Die Vereinheitlichung von Verfahrensweisen stößt übrigens nicht unbedingt sofort auf Begeisterung bei allen Ämtern. So ging es meinem Team und mir zum Beispiel bei der Einführung des neuen Bewerberverfahrens. Uns wurde oft vorgehalten: „Aber das war doch bisher immer so, wieso machen wir es jetzt anders?“. Da muss sicher bei der Stadt ein Wandel in der Denkweise passieren: Wir haben heute immer weniger Zeit und gleichzeitig immer mehr Aufgaben. Deshalb müssen wir uns als Stadtverwaltung fragen, ob wir uns diese Besonderheiten in der heutigen Zeit noch leisten wollen, oder ob wir es rational versuchen und vereinheitlichen im Sinne der Effektivität.
 

5. Wen wollen Sie in dieser Interviewreihe als nächstes sehen?

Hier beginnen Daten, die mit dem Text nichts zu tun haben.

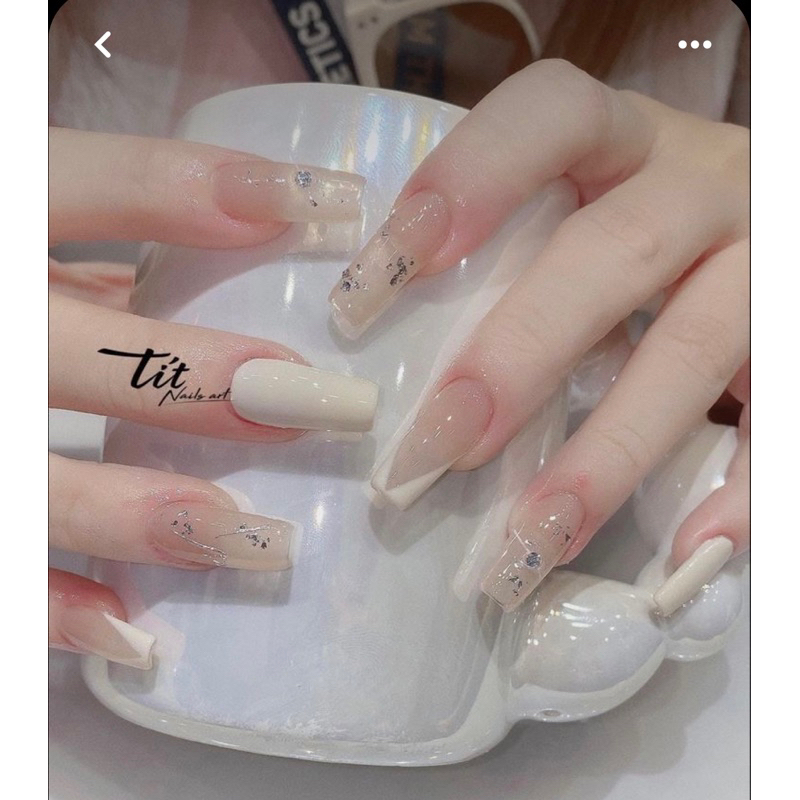Nai Box thủ công màu trắng nhẹ nhàng 10 móng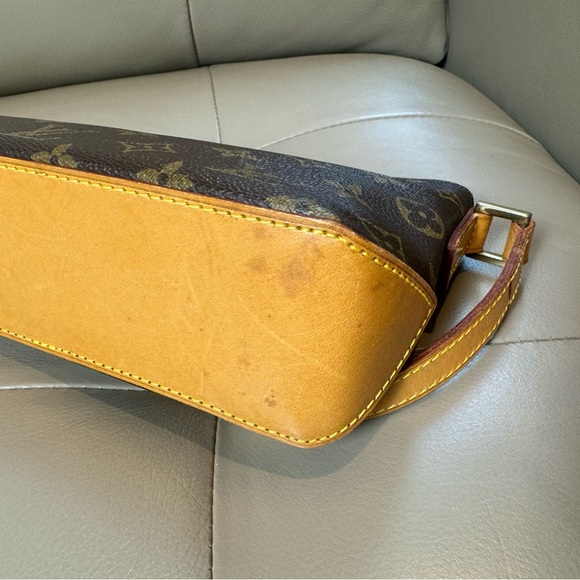 Louis Vuitton▪️Vintage Monogram Trotteur shoulder / crossbody bag - Picture 6 of 15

Ich habe lange überlegt. Wir als Querschnittsamt haben mit allen Ämtern Kontakt. Im Moment habe ich ein Projekt laufen mit dem Amt für Grünordnung, Naturschutz und Friedhofswesen (AGNF), die in Zukunft Arbeitszeitnachweise elektronisch erfassen wollen. Das Amt ist aus dem gewerblichen Bereich, die Mitarbeiterinnen und Mitarbeiter haben natürlich ganz andere Probleme und Herausforderungen als die der klassischen Verwaltungsämter. Das finde ich spannend. Deshalb würde ich gerne den Staffelstab weitergeben an Joachim Schnürer, Leiter des Zentralen Fachbereichs und des Servicebereichs des AGNF.